RELEASE DATE: 22 September 2017 LABEL: Headless Queen Records
Glass is just as accessible as Mourning, if not moreso. Immediately, you hear exactly what drew you into Mourning in the first place. Explosions In The Sky-esque twinkling guitars, thrumming basslines, and drums that are impressive as they are strong. “Softy” is an attractive song, pulling you into its melodies with the negative space between blasts of sounds, eventually leaving you breathless as it ends suddenly. As the album continues, it will occasionally remind you why you love them in the first place, and pleasantly surprise you with new tricks up their sleeve. The dynamics are deeper, they’ve spent more time in both the somber valleys as they do in the emotional heights reached in the climaxes. Their basslines are larger and take up more of your attention, it doesn’t follow the guitar as much. The drums are more technical and profound, the jazziness through reflects the fact that the drummer is not afraid of making himself heard, with his almost reggae-like snare tone. The guitars play against each other and intertwine beautifully, they have really grown and matured as a band.

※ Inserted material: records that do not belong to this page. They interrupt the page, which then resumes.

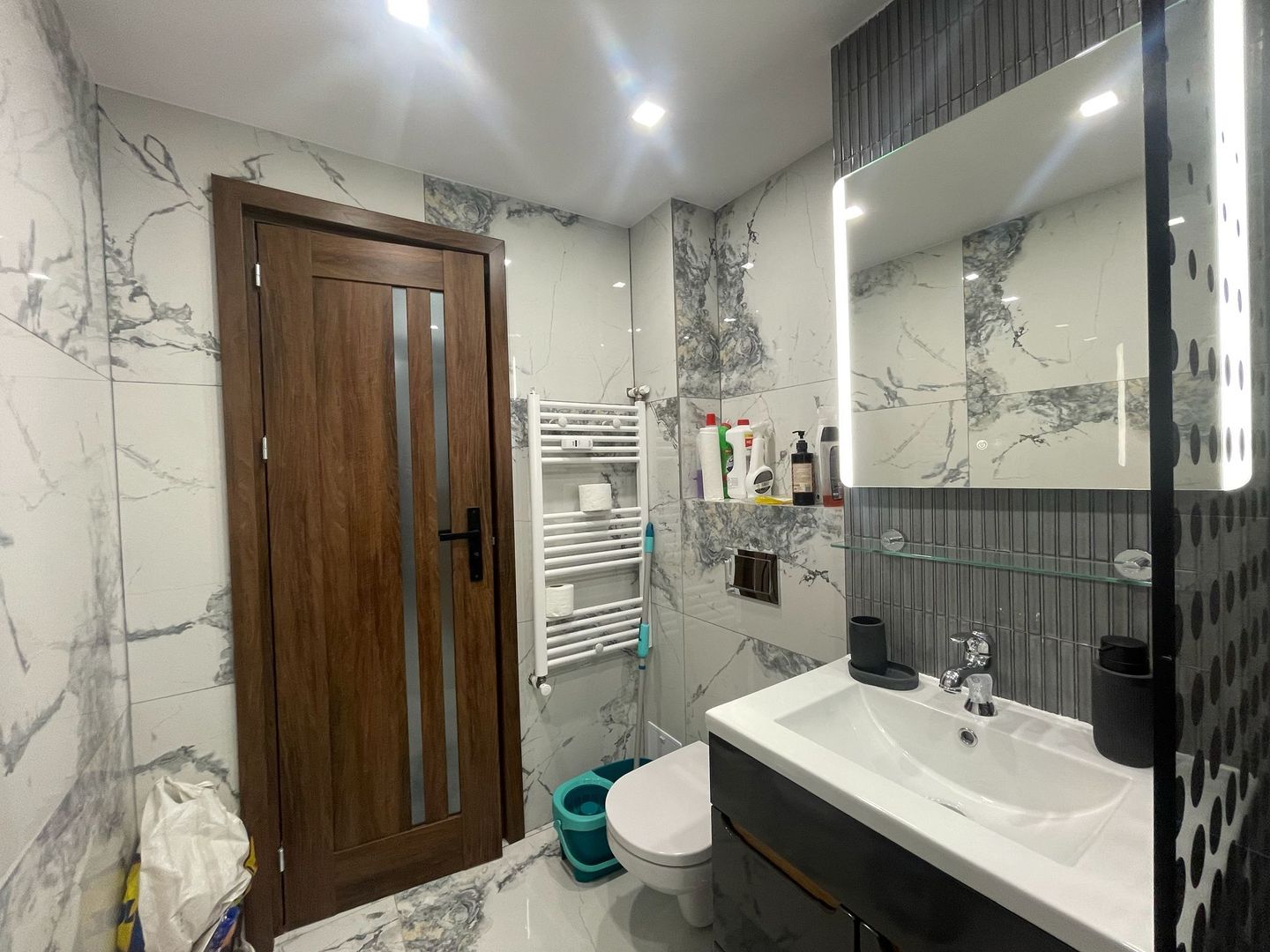 APARTAMENT MODERN | COMPLET MOBILAT SI UTILAT| 2 CAMERE | RADAUTI - Poză 22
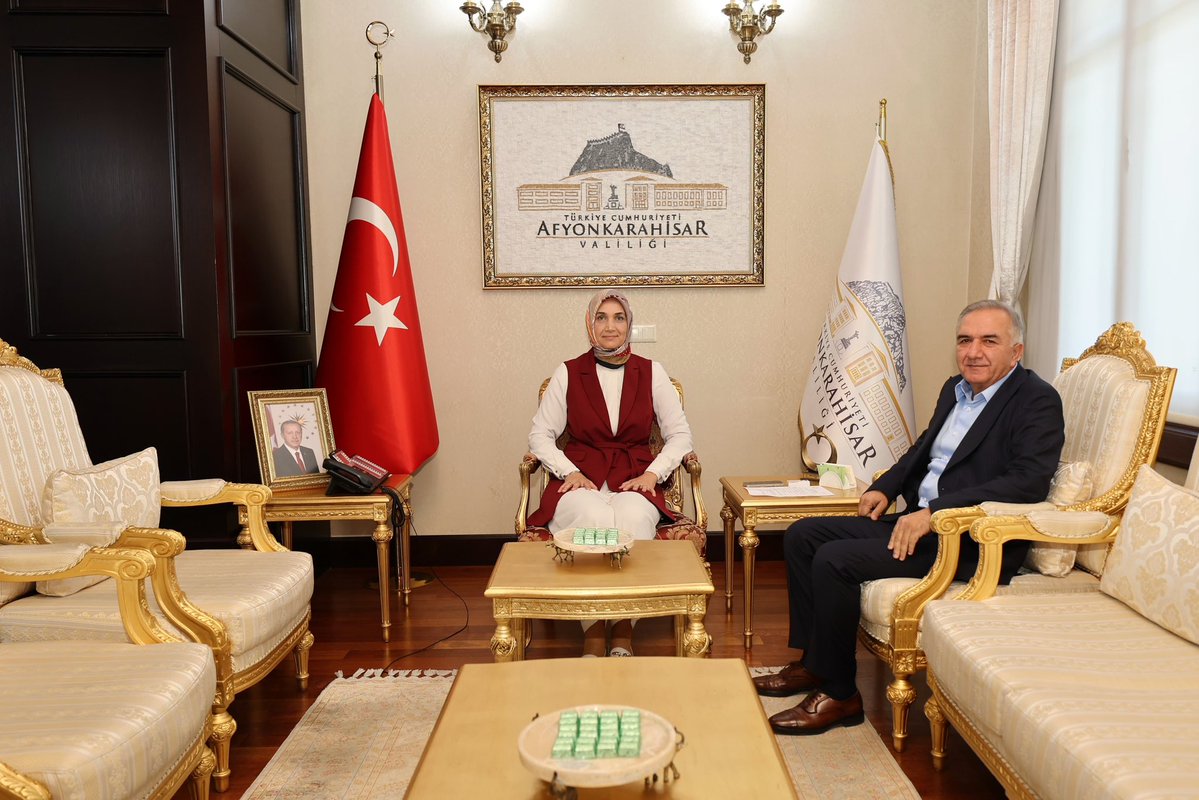 Afyonkarahisar Valisi Kübra Güran Yiğitbaşı, İş Adamı Mustafa Enis Arabacı'yı Kabul Etti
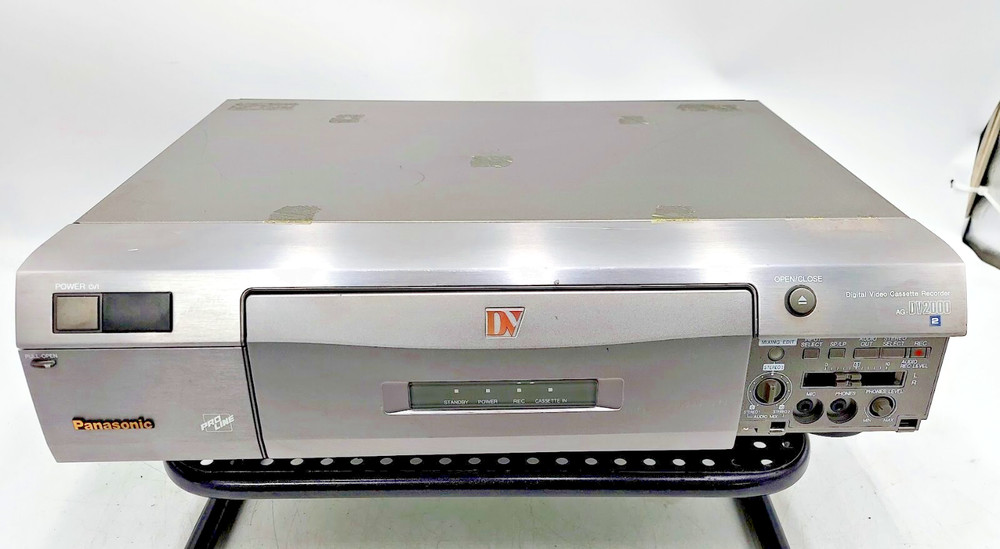 Panasonic AG-DV2000P DVMini DV Cassette Recorder Editor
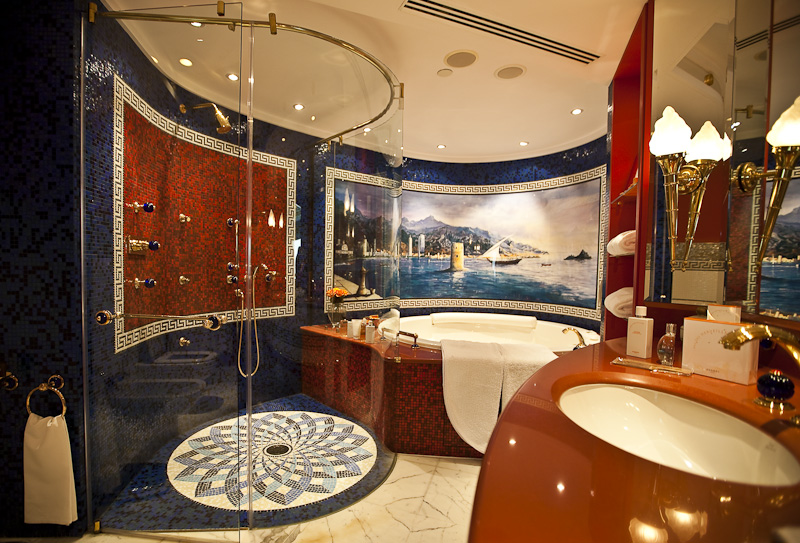 Ну и, конечно, наверху есть огромная ванная комната с джакузи:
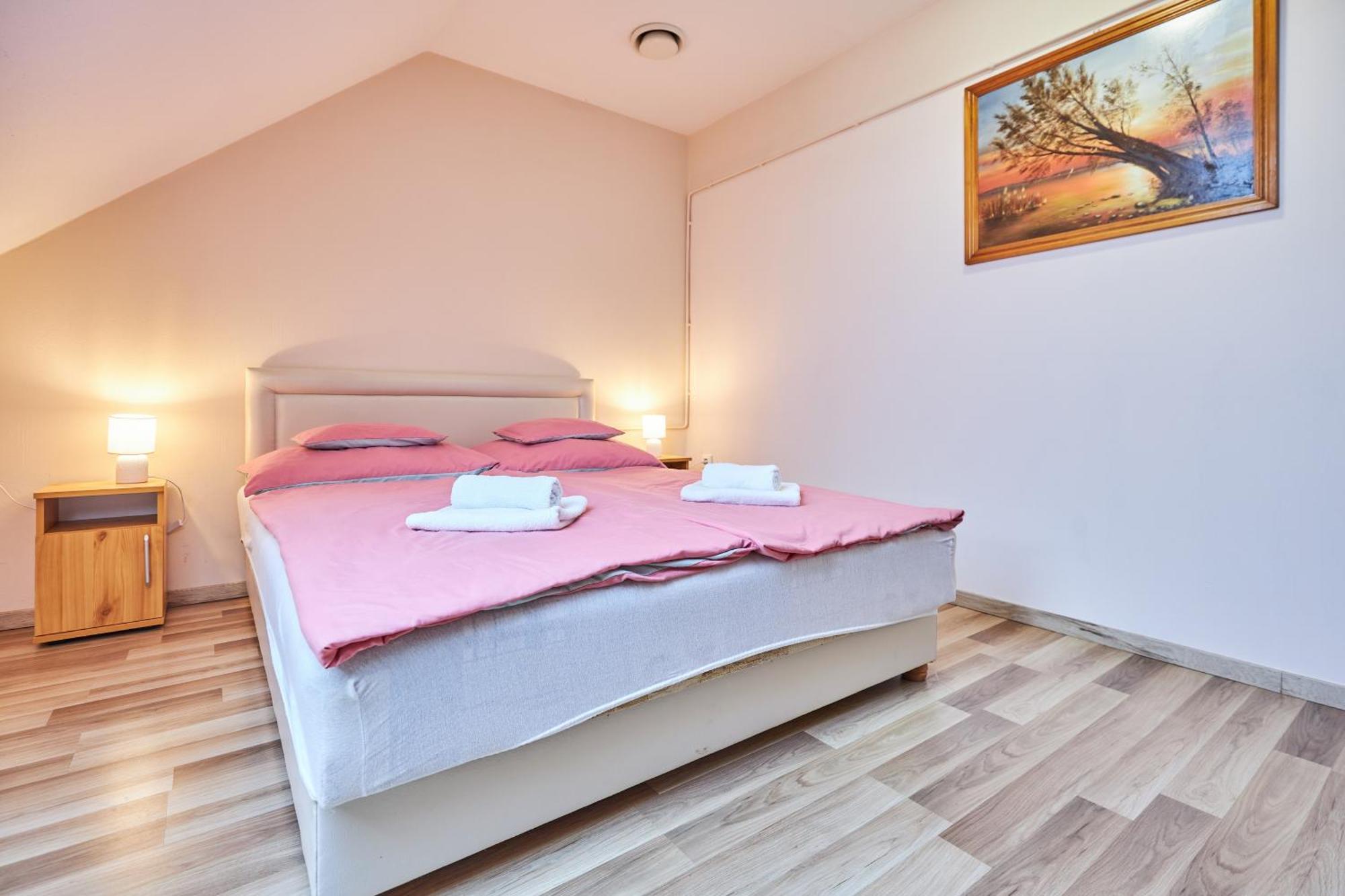 Ada Apartmanhaz Hajdúszoboszló المظهر الخارجي الصورة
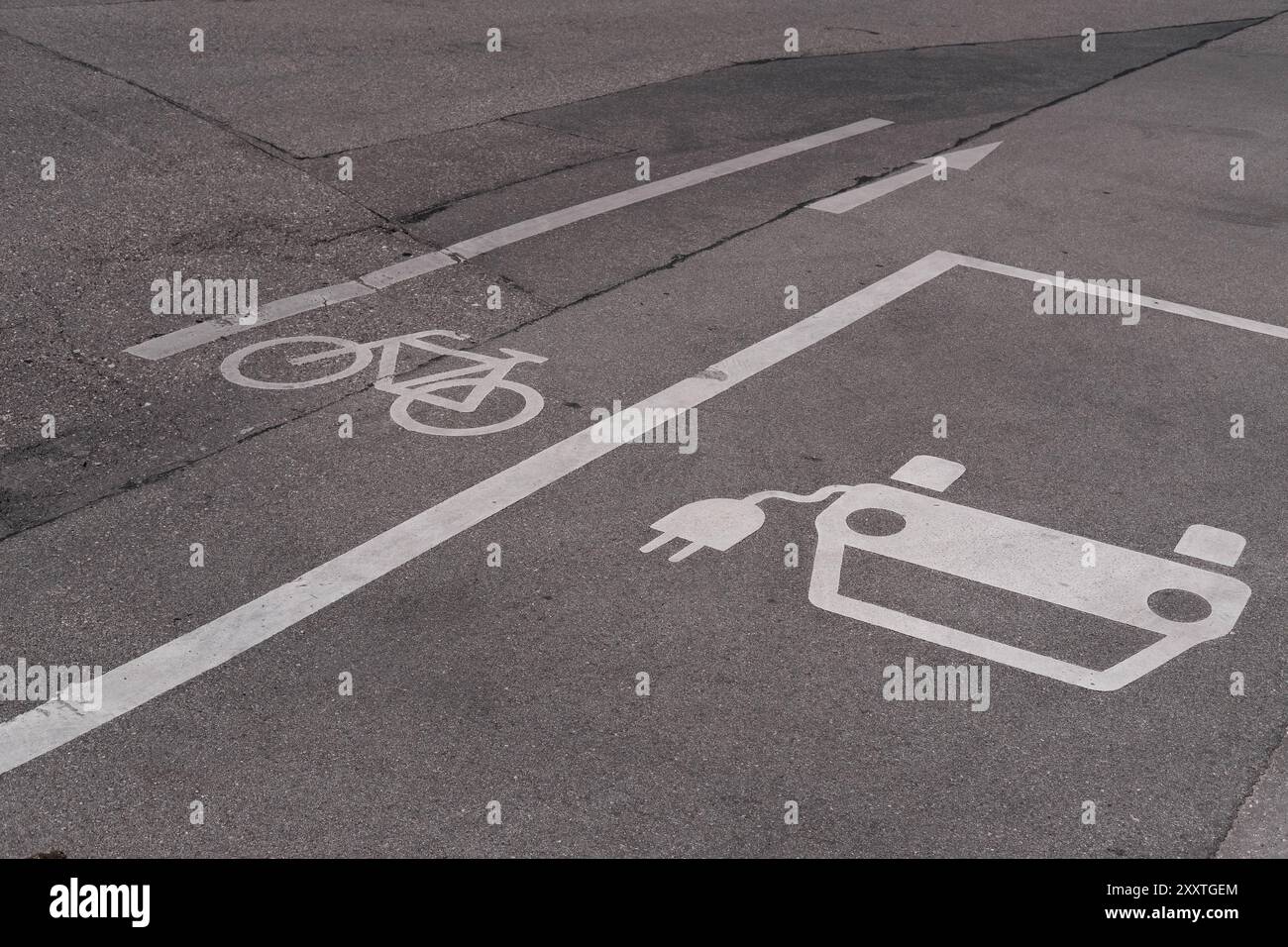 Bodenmarkierung Ladestation und Fahrradweg weiß Bodenmarkirung auf Asphalt für E-Auto Ladestation und Fahrradweg *** Bodenmarkierungen für Ladestation Stockfoto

I highly recommend you turn up “Magenta” and dig those beefy bass sounds. For two whole minutes, the track acts as though it’s leading you to a shimmery passage of scintillating guitars swirling around each other like dancing fairies, but it violently turns around into a slightly dissonant chorus, the band bearing its teeth, showing their full capabilities for surprising the listener and pulling off a violent turn of character that I haven’t seen many times before.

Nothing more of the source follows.